Read The Woman from Hamburg Online
Authors: Hanna Krall
When she came to, she understood that she was already at home, sitting at the table and holding her arms around a small cardboard box. In the box was Stani’s clothing and a tattered Polish prayer book:
We Sing to the Lord
.
Dark green, bright green, a stripe of blue, the tall roof of the hotel. Gizela washed dishes and cleaned rooms; the flat roof of the laundry—Gizela folded and packed men’s shirts …
The tourists’ favorite occupation was going for walks in the neighboring forests. The children’s favorite occupation was throwing pine cones at the tourists. The director of the school summoned Gizela: “Your son is throwing pine cones at our tourists.”
“All the children throw them,” said Gizela. “Why are you complaining only about my child?”
“Your daughter,” the director of the school said on another day.
“Your son …”
“Your daughter …”
“It’s because the other fathers,” Stefan explained, “were war heroes.”
Gizela was upset. The other children told stories about their hero-fathers—beautiful, noble stories. The fathers fired guns, primarily on the Eastern front. The fathers perished, but to the last drop of their blood … And what could her children tell them? That their father dreamed of being a number THREE or SIX? Could a father who ran barefoot around the barracks and prayed that one of those numbers … Could such a father be compared with heroes of the Eastern front? Could the son of such a father arouse kindly feelings in the director of the school?
(A woman from their village whose birthday is the same as Stefan’s sends him a greeting card every year. As a postscript she adds one sentence, always the same: “If it weren’t for the director of the school, you would have grown up to be a decent man.” Stefan already has twenty-odd cards from that woman and twenty-odd times that sentence as a postscript: “If it weren’t for the director of the school …”)
“Anyway,” the other mothers told the other children, “if his father was in a camp, there was a reason for it. Hitler or no Hitler, nobody was sentenced without a reason.”

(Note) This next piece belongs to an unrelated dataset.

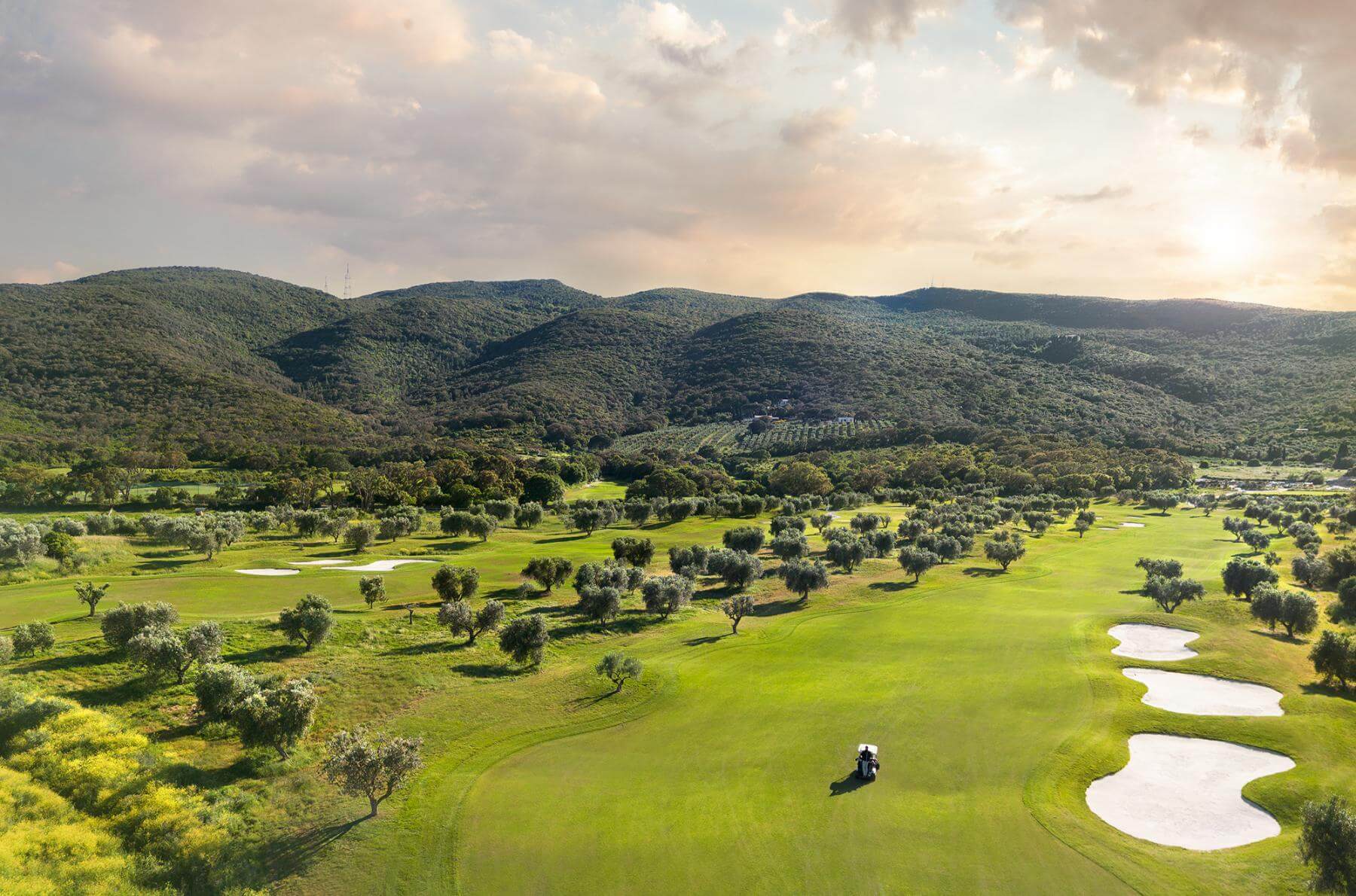 golf al tramonto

After yet another incident when Stefan ran away from school, Gizela requested advice from pedagogues. These were pedagogues in the Department of Youth Services. They advised her to entrust her son to a reformatory. “He’ll wind up there sooner or later,” the pedagogues said, “but
if you hand him over voluntarily, it will be easier to get him out when he wises up.”
Stefan says he was in the reformatory for a year.

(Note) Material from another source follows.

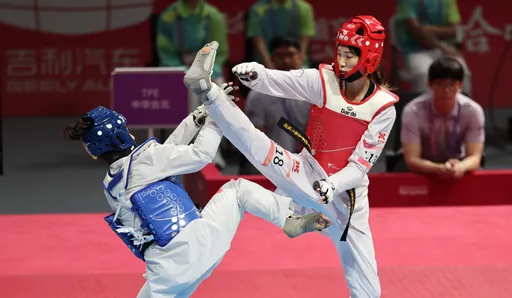 可惜!180公分跆拳女將林唯均不敵南韓 為台灣拿下銀牌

Stefan sits in an isolation cell, in a particularly well-guarded part of the prison known as the Maximum Security Section.
He’s been in this cell for twelve years.
After twelve years of isolation, the past has become blurred in his mind; space and time are foreshortened. It is sixty kilometers to the city where Gizela lives now; it seems to him that the city is nearby. It seems to him that he was in the reformatory for one year, but the documents in his case file—the case for which he’s serving time in the Maximum Security Section—clearly show that he spent six years in the reformatory.
The director of the reformatory was a pastor, a tall man with a puffy face and strong fists.
The pastor gave his charges three grades every week: for work, for studying, and for behavior. The lowest grade was six and the highest, one. If someone got even one six, he spent the weekend in an isolation room. There were two boards in it. You could sit on the lower board; on the upper board, you could rest your arms and head.
From time to time the boys in the reformatory would try to escape, but they soon returned, brought back by
the police. After their return they would talk about what was happening on the outside. One of the youths, who had run away to Frankfurt, told them that university students were protesting against the corrective methods employed in reformatories. A girl had written a film script about this, and some people wanted to establish a juvenile home with entirely different methods.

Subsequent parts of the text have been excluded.